→ EXERCISE OBJECTIVE
Each line below needs to be returned exactly. Skip any picture.

→ GIVEN INFORMATION
##############################
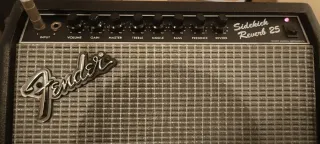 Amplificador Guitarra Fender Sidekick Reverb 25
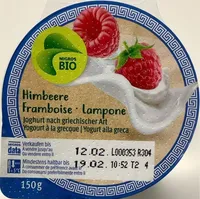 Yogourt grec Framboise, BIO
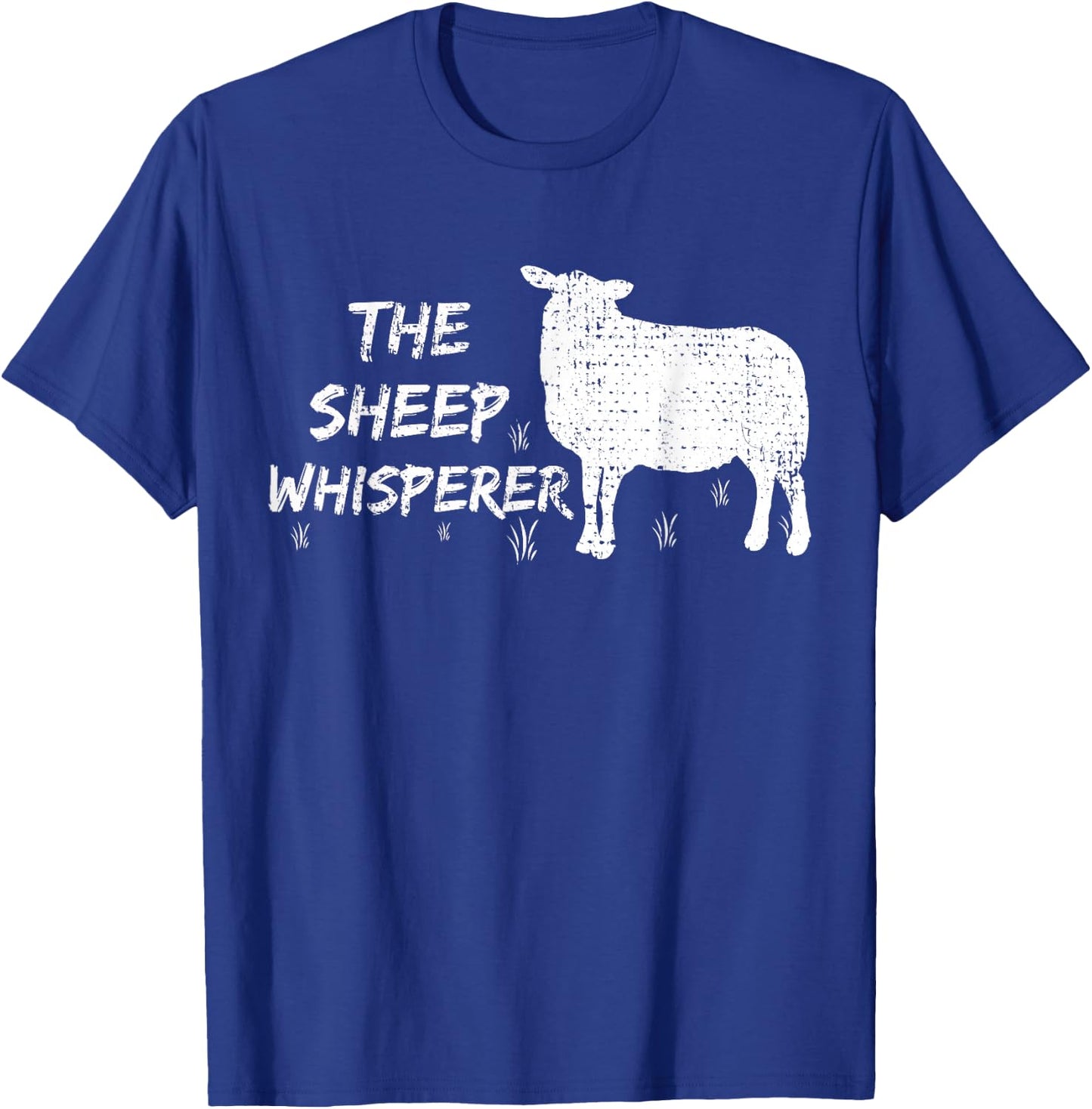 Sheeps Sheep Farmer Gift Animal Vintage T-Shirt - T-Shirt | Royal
##############################
→ EXPECTED ANSWER
 Amplificador Guitarra Fender Sidekick Reverb 25
 Yogourt grec Framboise, BIO
 Sheeps Sheep Farmer Gift Animal Vintage T-Shirt - T-Shirt | Royal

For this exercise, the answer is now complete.